━━━ Entries provided

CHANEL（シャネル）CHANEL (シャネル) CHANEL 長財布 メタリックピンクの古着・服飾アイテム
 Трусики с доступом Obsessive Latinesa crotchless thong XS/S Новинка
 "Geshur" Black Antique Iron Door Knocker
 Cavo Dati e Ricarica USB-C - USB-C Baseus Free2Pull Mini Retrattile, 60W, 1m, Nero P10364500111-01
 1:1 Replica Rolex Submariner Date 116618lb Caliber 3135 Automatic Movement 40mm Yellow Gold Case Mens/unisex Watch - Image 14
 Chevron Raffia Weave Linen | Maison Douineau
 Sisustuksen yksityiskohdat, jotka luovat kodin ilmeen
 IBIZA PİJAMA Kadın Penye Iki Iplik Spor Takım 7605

━━━━━━
━━━ Entries provided

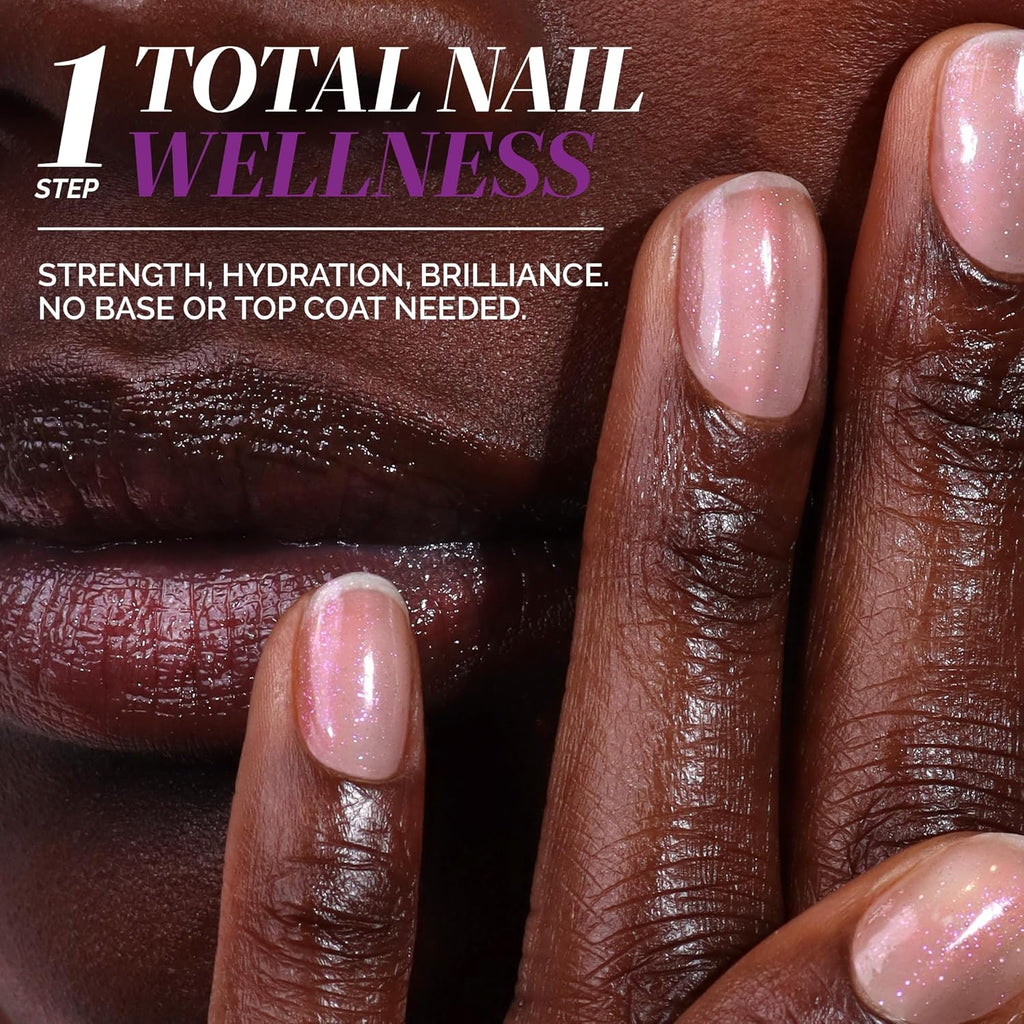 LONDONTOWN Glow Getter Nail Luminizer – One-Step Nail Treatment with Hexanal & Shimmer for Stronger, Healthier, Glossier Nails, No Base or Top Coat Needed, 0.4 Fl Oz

━━━━━━

Requirement:
Precisely the lines between those holding "1:1 Replica Rolex" and "IBIZA PİJAMA Kadın", inclusive, are to be reproduced from the listing above, with nothing added.

Solved exercise:
 1:1 Replica Rolex Submariner Date 116618lb Caliber 3135 Automatic Movement 40mm Yellow Gold Case Mens/unisex Watch - Image 14
 Chevron Raffia Weave Linen | Maison Douineau
 Sisustuksen yksityiskohdat, jotka luovat kodin ilmeen
 IBIZA PİJAMA Kadın Penye Iki Iplik Spor Takım 7605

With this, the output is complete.